Os responsáveis por esses delitos, que não ofendem e interessam somente à
população de determinada área, mas afronta toda a espécie humana, continuam, de
maneira geral, impunes. É isto que aconteceu com grande parte dos ditadores
latino-americanos, que foram responsáveis por desaparecimentos, mortes,
torturas e perseguições de diversas naturezas.
Mesmo assim, a comunidade internacional continua sem instrumentos necessários
para atingir esse objetivo. Talvez a saída seja a criação da Corte, mesmo com
todos os riscos e todas dificuldades que ela oferece.
A Convenção de Roma apenas aprovou a sua criação. Esta, por outro lado, ainda
depende da ratificação dos Estados nacionais, sem o que jamais deixará de ser
uma quimera dos juristas.
A criação desta Corte no que Ricardo Lobo Torres denomina cidadania mundial,
que é aquela que se contrapõe à nacional, que se estruturou a partir dos
Estados Nacionais. Naquela, o indivíduo se relaciona com o campo internacional,
no qual possui também direitos subjetivos. Aqui, o Direito Internacional
Público deixa de ser o conjunto de normas e princípios que regulam as relações
entre os Estados, para adquirir os contornos de um Direito Internacional dos
Direitos Humanos, já que esta modalidade de cidadania diz respeito a direitos
assegurados por tratados e por tribunais supranacionais.

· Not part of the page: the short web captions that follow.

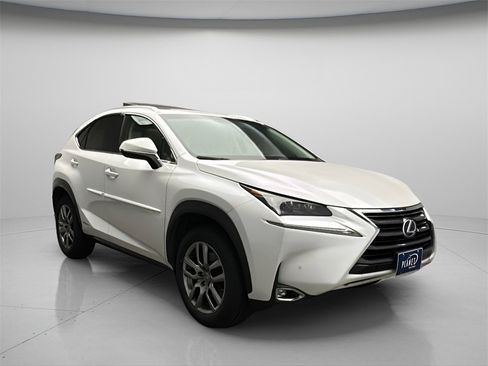 Used 2015 Lexus NX 300h AWD image 1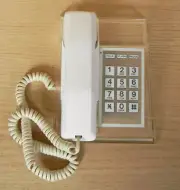 Vintage PARAMOUNT CLEAR TALK Corded Phone Lucite Desk Telephone 80s NEW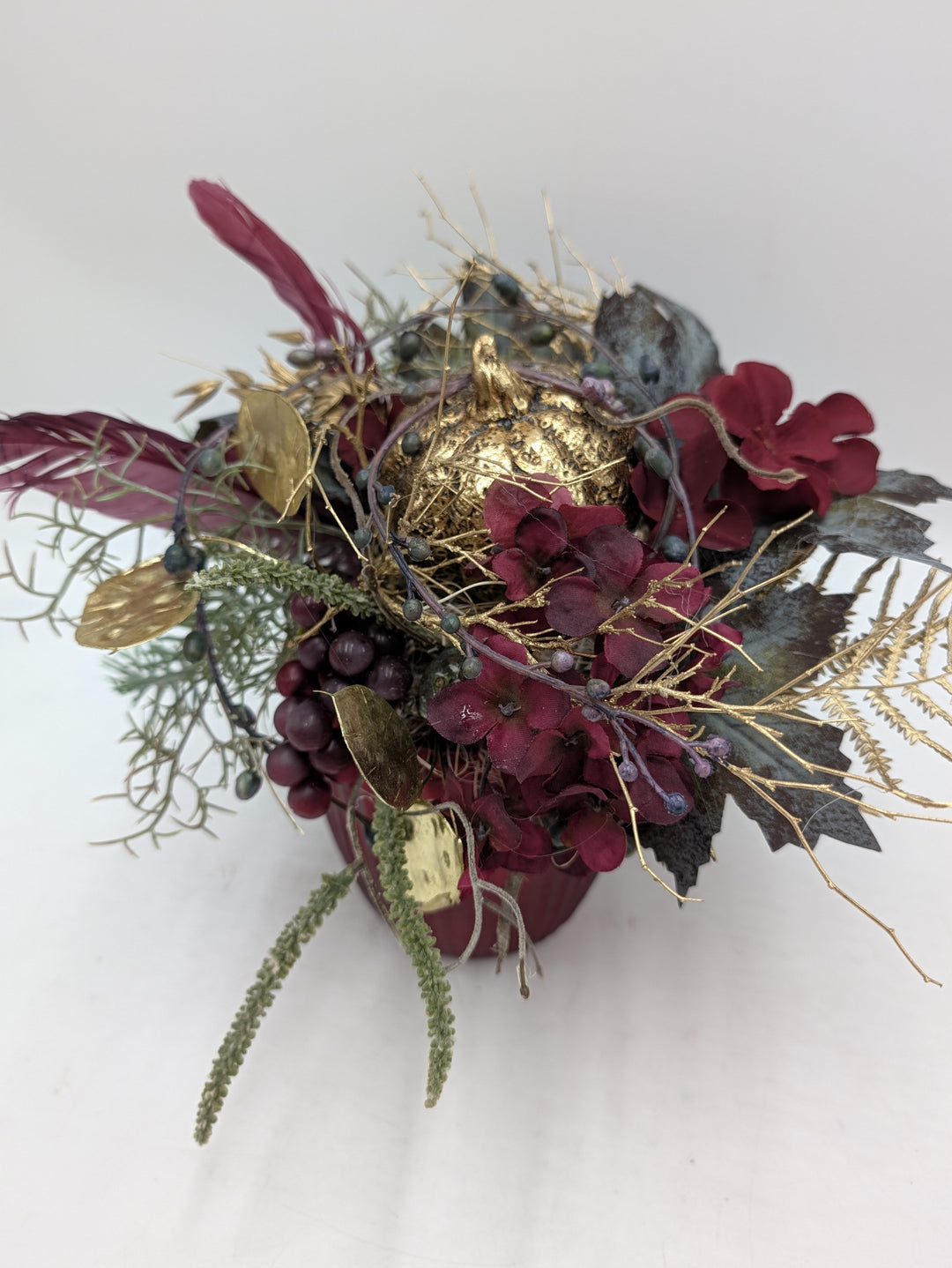 Herbstgesteck Kürbis gold Hortensien Trauben bordeaux – Ansicht 5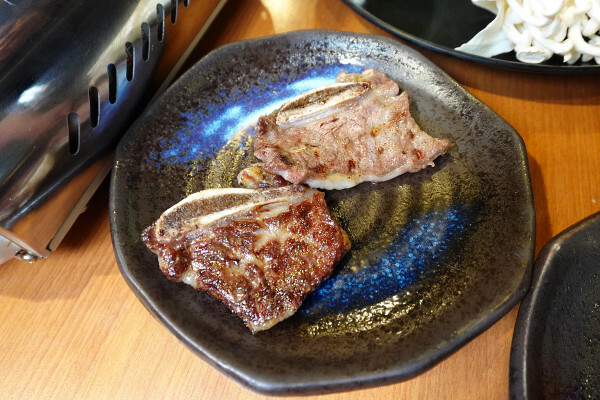 桃園市桃園區進化的燒肉吃到飽推薦：燒肉火鍋走向日料美學新境界，桃園福犇燒肉燒肉火鍋吃到飽＋K歌嗨唱不是夢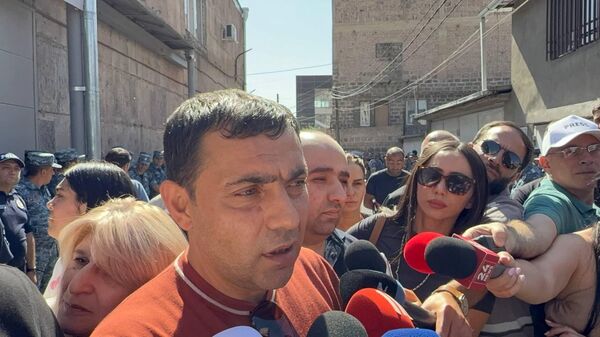Адвокат Сергей Арутюнян отвечает на вопросы журналистов у Следственного комитета Армении (25 июня 2025). Еревaн - Sputnik Армения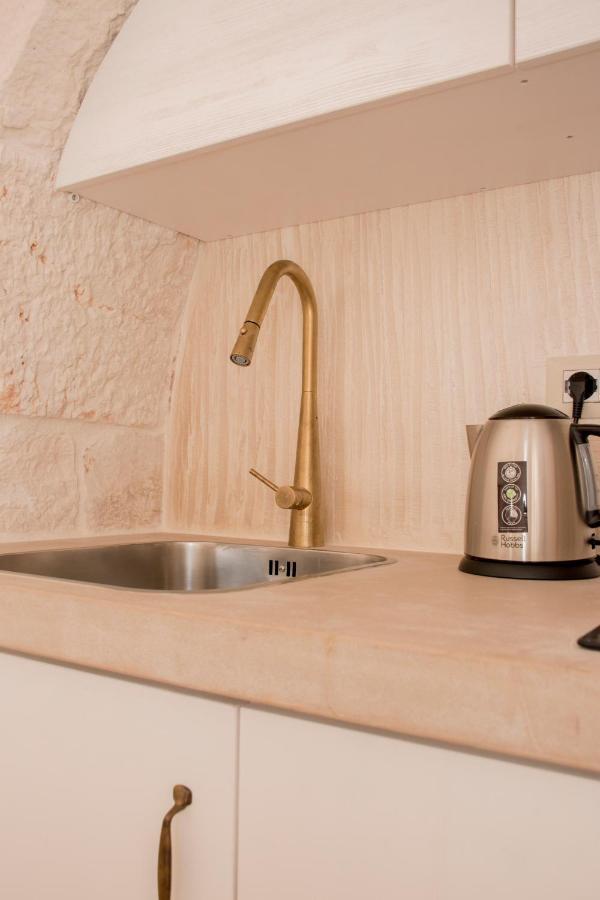 Trullo Cinquenoci Suite Locorotondo Εξωτερικό φωτογραφία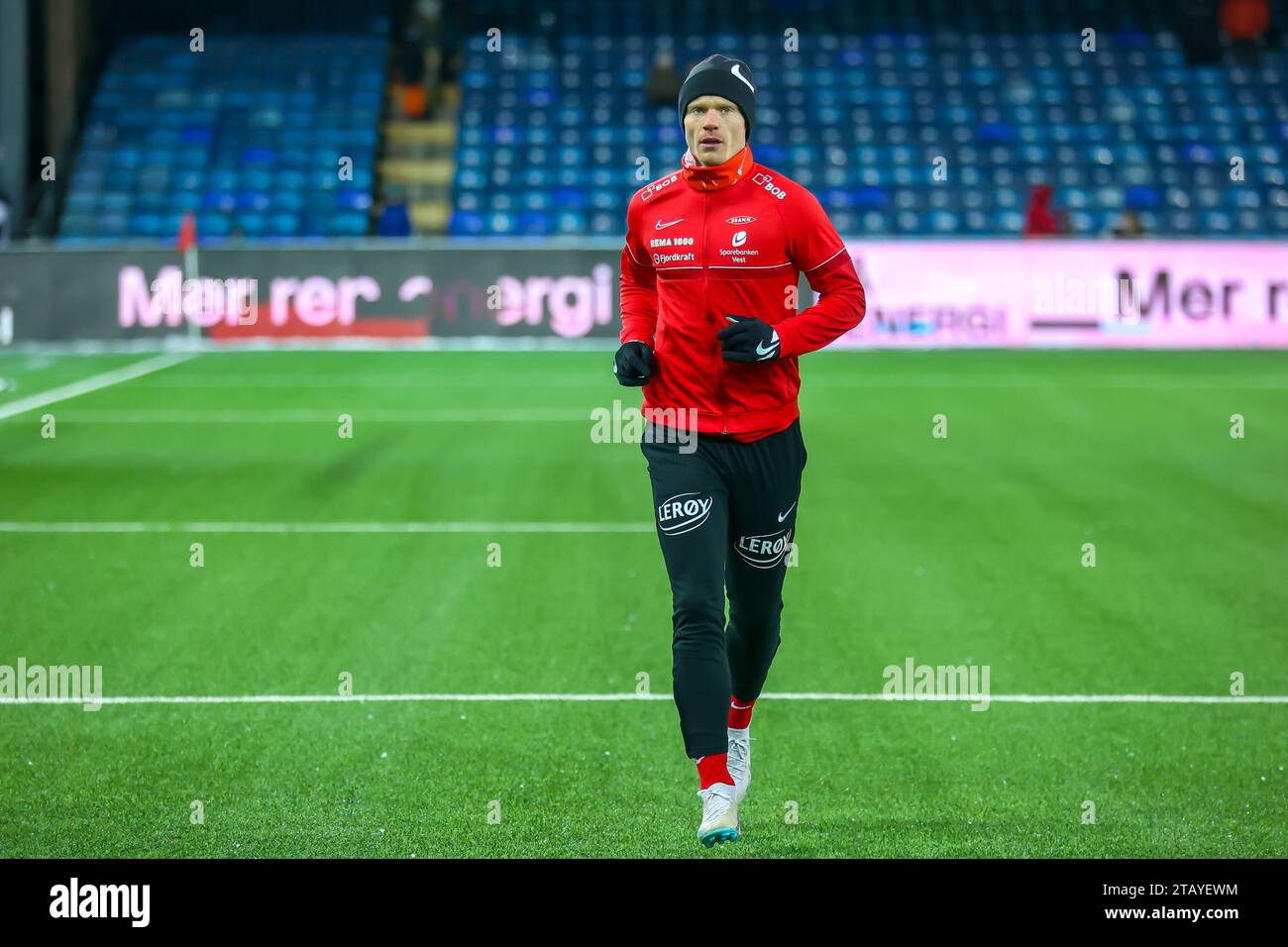 Drammen, Norvège, 03 décembre 2023. Le capitaine Sivert Heltne Nilsen de Brann pendant l'échauffement avant le match Eliteserien entre Strømsgodset et Brann au stade Marienlyst de Drammen. Crédit : Frode Arnesen/Alamy Live News Banque D'Images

Apesar dos fundamentos, a idéia de adoção da Corte Criminal Internacional
encontra dificuldades práticas evidentes. Se de um lado o ideal de uma
jurisdição penal internacional é fascinante e inspira todos aqueles que
pretendam a definitiva internacionalização e consolidação dos Direitos Humanos.
No entanto, o Estatuto de Roma não é necessariamente o ideal. É preciso seja
repensado para que possa receber a adesão dos diversos países do globo, dentre
os quais, o Brasil. Certamente, o que não pode ocorrer é que seja tratado sem a
atenção devida por parte dos operadores e dos pensadores do direito.
Essa situação está a indicar que o caminho a ser percorrido até o efetivo
estabelecimento da Corte ainda será bastante longo e espinhoso. Mas tem sido
assim por todo o século XX. Se desde a Primeira Grande Guerra se pretende a
criação de uma jurisdição internacional e após a Segunda se tornou objetivo das
Nações Unidas, até hoje se depara com injunções políticas desfavoráveis, que
certamente não se resolverão tão rapidamente.
Mesmo assim, ainda que demore mais cinqüenta anos, certamente valerá à pena
sonhar e lutar por um mundo no qual os governos despóticos e o responsáveis por
perseguições atrozes e implacáveis não mais terão um lugar para delinqüir e,
após, para se esconder.
Mas o direito não pode, em hipótese alguma, violar direitos e garantias
fundamentais que são, hoje, disciplinados pela Constituição Federal. Se a
criação da Corte é um belo sonho, esse sonho não pode significar a redução do
que, por tantos anos, o povo brasileiro lutou para conseguir.